10/30/2008
This "helicopter parent" thing is getting ridiculous
Parent of a high school student, overheard at a diner near campus:
"He totally f****ed up his application. We want to switch him over to early decision, but the representative from [University of X] called me and said he needs to declare a major first to do that. He doesn't want to declare a major. I told him, I don't care, you can major in bondage if you want, just declare a major so you can do early decision."
cf. "Helicopter" parents
13:37 Permalink | Comments (0) | Email this | Tags: college, kinderlekh, helicopter parents
10/29/2008
Gee-dash-dee and friends
For me, it's an interesting insight into Jewish mythologies and the ways in which the tradition associates consciousness with light, imagining that consciousness is primary in terms of knowing and creation.
It's G-dcast, which will be posting a cartoon parsha (Torah portion) every week this year.

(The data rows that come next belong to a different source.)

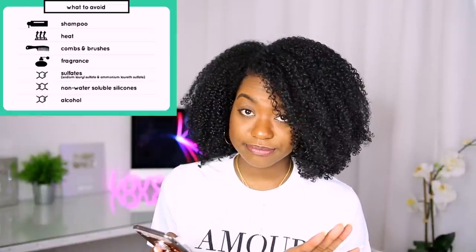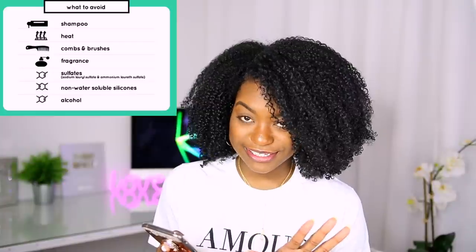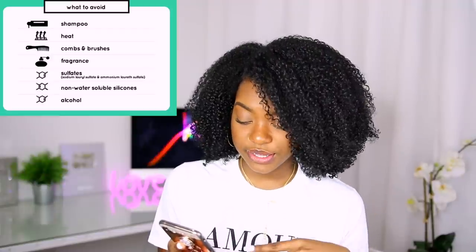It basically tells you what to avoid if you want to go through with the curly girl method. What to avoid: shampoo, heat, combs and brushes, fragrance, sulfates, non-water-soluble silicones, and alcohol. Honestly, I don't follow any of this.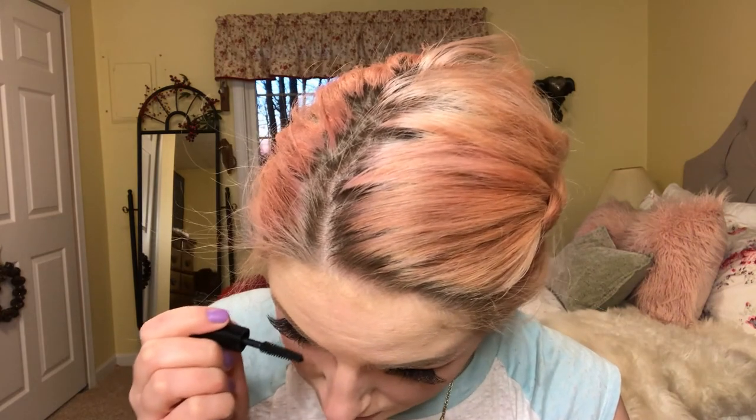I use two different mascaras — one on my top lashes and one on my bottom lashes. I like one that's not clumpy on the bottom lashes so I don't want them to clump together. I got this IT Cosmetics Superhero Mascara in an ipsy — it's not super volumizing on my lower lashes but it doesn't clump them. I also had to add a little more lash glue in the middle because they were coming up — I guess I didn't add enough this time.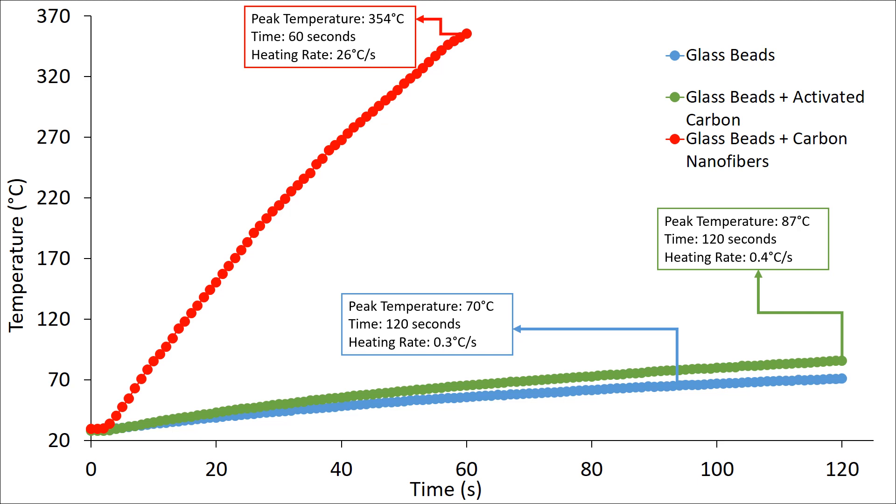This demonstration shows the difference in microwave reactivity of carbon-based materials. Although activated carbon helped increase the final temperature of the initial sample, carbon nanofibers were by far the more reactive material.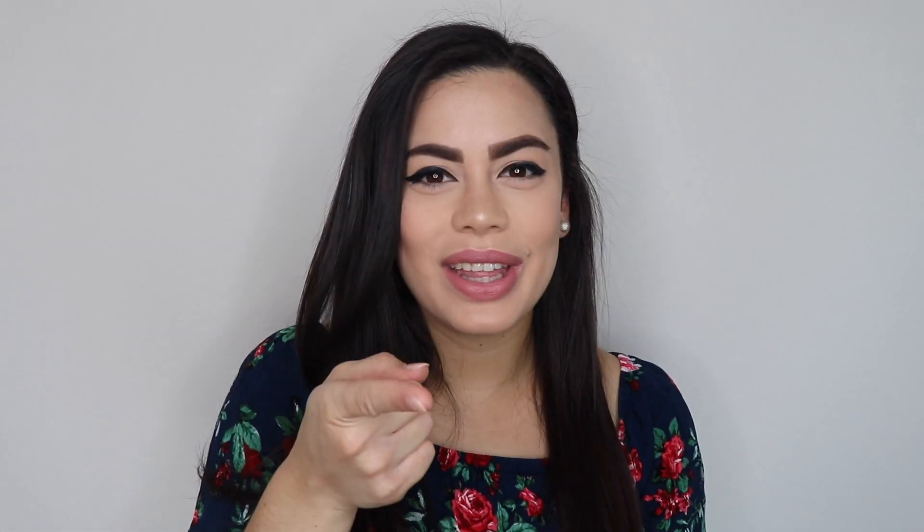Hello guys, welcome back to my channel! If you're new, hit the subscribe button. I've been wanting to change my closet, upgrade it, get new clothes, and change my style a little bit. I've been wanting to go shopping for a long time and I finally got the time to do it, so I'm going to be showing you what I got.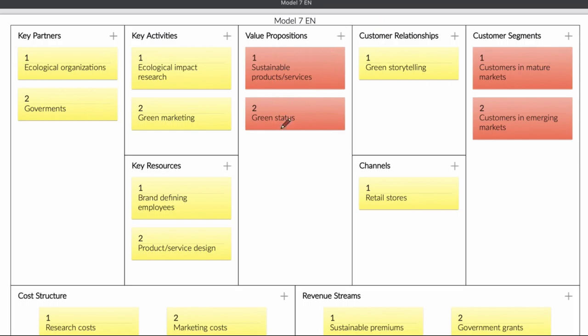When you look at this, your product or services represent the value proposition. You also have a green status, and that green status helps you sell those products or services. You do that through green storytelling — you tell stories about your products or services and your research, and customers will buy.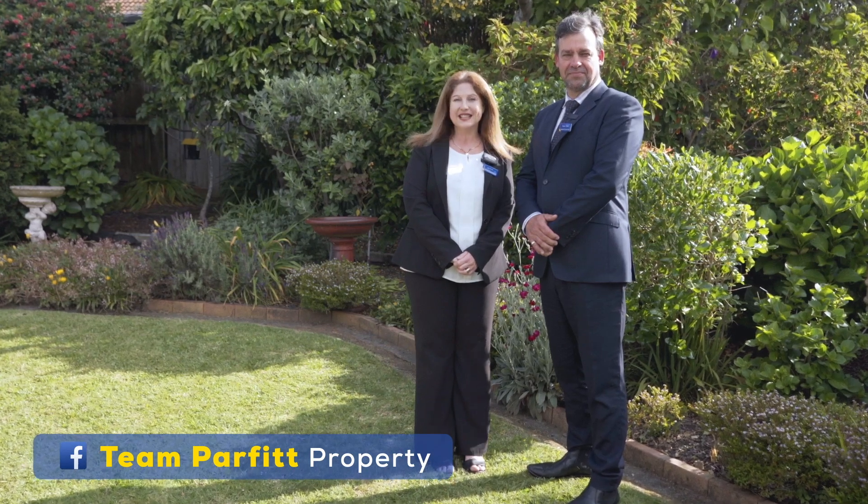A very warm welcome to number 16 Orangewood Drive in North Park with team Parfitt from Buffett and Thompson. We're sure you will be as impressed with this modern single-level three-bedroom brick and tile beauty as we are.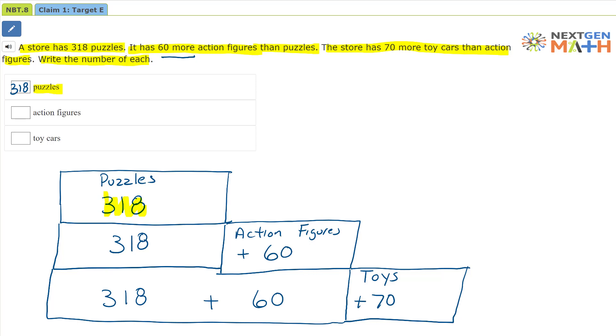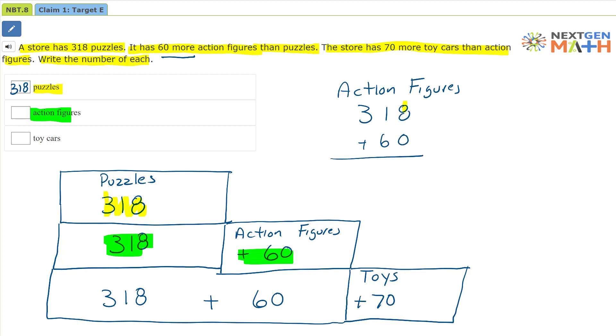For action figures — right here — that's going to be 318 plus 60. So let's do that calculation. We're doing 318 and we're going to add 60. Adding our ones: 8 and 0 is 8. Then our tens: 1 ten plus 6 tens is 7 tens. And then our hundreds: that's equal to 300. So 378. We have 378 action figures — because that's 318 plus 60 is 378.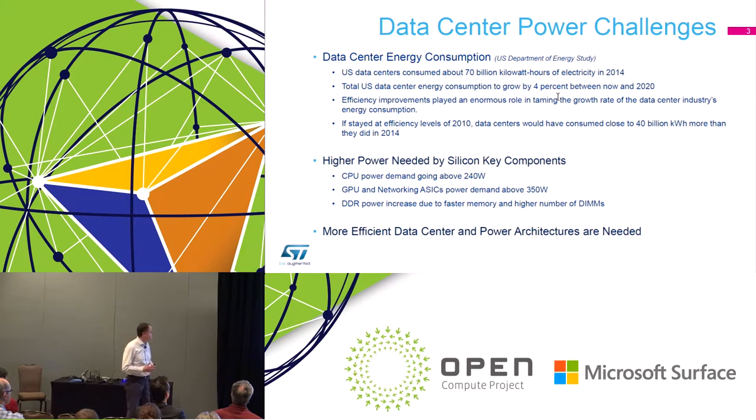The second important challenge is the high power required by CPUs. Power levels are increasing — now at 165 watts, trending toward 240 watts — and GPUs and networking ASICs are at 350 watts of consumption today, with DDR also increasing. The message is clear: data center power consumption is going up, so we need more efficient data centers and more efficient power architectures to keep this trend under control.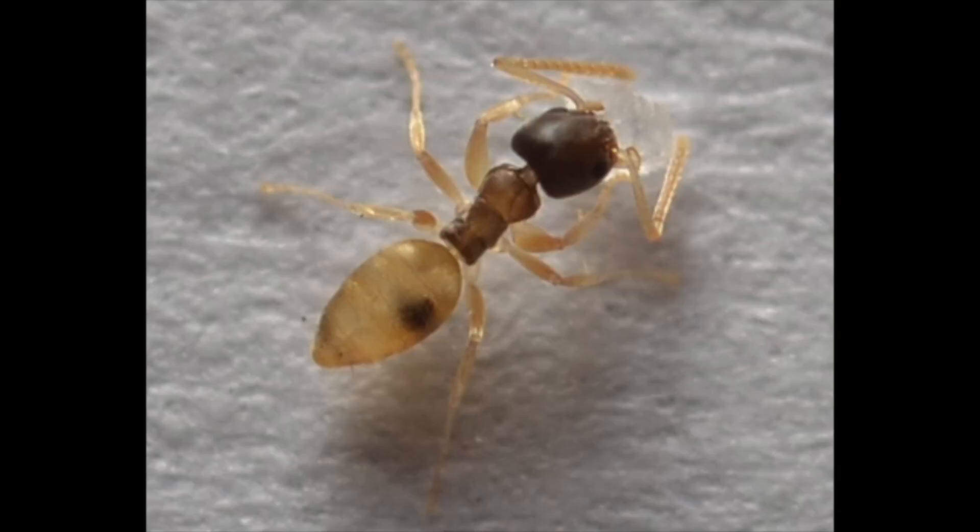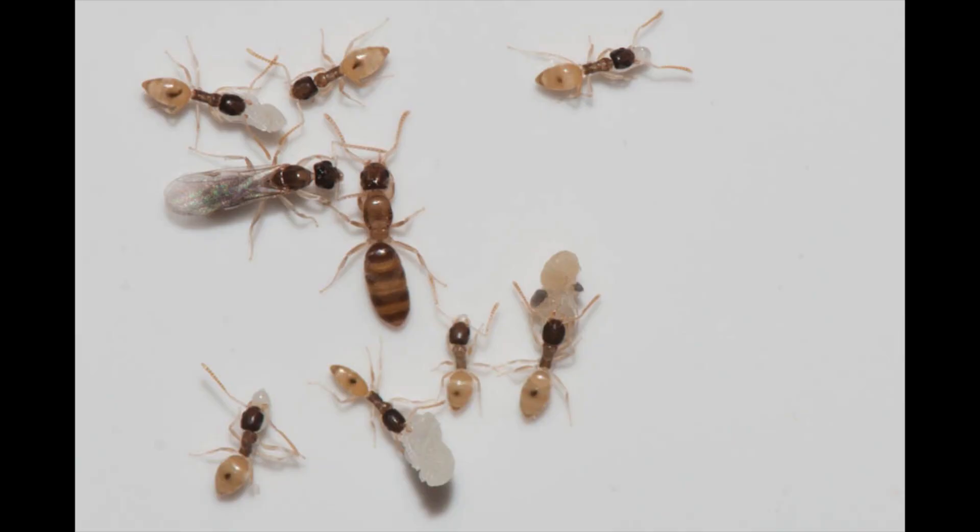Hello Ant Keeper. Tapenoma melanocephalum is a species of ant that goes by the common name ghost ant. They are recognized by their dark head and pale or translucent legs and gaster. This coloring makes this tiny ant seem even smaller.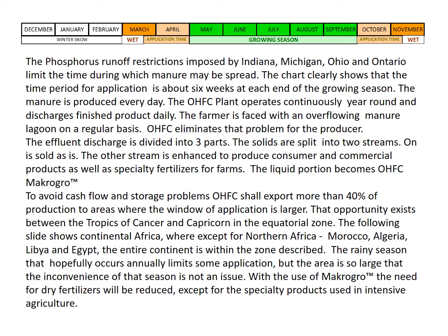The chart on this slide shows the calendar months in which it's possible to apply fertilizer. The phosphorus runoff restrictions imposed by Indiana, Michigan, Ohio, and Ontario limit the time during which manure may be spread. The chart clearly shows that the time for application is about six weeks at each end of the growing cycle. The manure is produced every day. The OHFC plant operates continuously year-round and discharges finished product daily. The farmer is faced with an overflowing manure lagoon on a regular basis. OHFC eliminates that problem for the producers.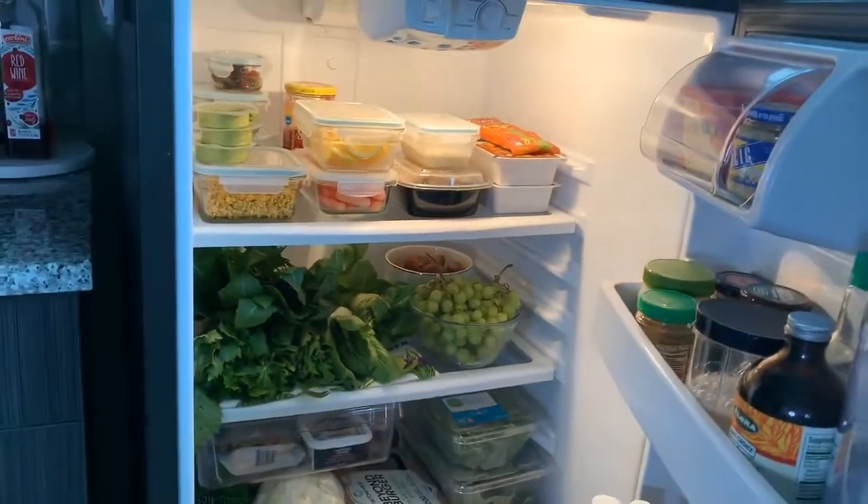Hey guys, what's up! It's Sunday and I got a little burst of energy and decided to clean out the entire refrigerator and the pantry, so I thought why not give you guys a little tour. I'm going to give you a tour of my refrigerator and my pantry — let's do it! Here is the refrigerator.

Secular Jews / those of us who don't buy into the supernatural elements of the culture may nevertheless find these interesting for the stories that they tell.
08:59 Permalink | Comments (1) | Email this | Tags: judaism, gee-dash-dee, parsha
10/28/2008
Overintellectualizing real life stuff again
Several people have suggested that I see a "grief counselor" at my family's synagogue because I (along with my cousins) have had a bit of trouble feeling that my father's sudden, totally unexpected death happened. We know it happened, but it somehow didn't, and that actually makes a lot of sense to me, and I understand what's going on with that quite well.
This grief counseling, according to the synagogue's pamphlet, involves drawing pictures and writing songs, stories, and poems. I guess that representing one's grief back to oneself works for some people, but I understand too well that it can't speak to the problem of not being able to encounter an event that happened.
My dad was right when he said I intellectualized too much. ;)
07:15 Permalink | Comments (2) | Email this | Tags: narcissism, dad, representation
10/26/2008
Richard III at the West End Theater
On Friday night, we saw the Frog & Peach Theatre Co's Richard III at the West End Theater, a small space with a huge domed ceiling on the second floor of a church on W 86th Street. The production starred Anatol Yusef as a slimy, conniving Richard with sometimes-sad, pleading eyes.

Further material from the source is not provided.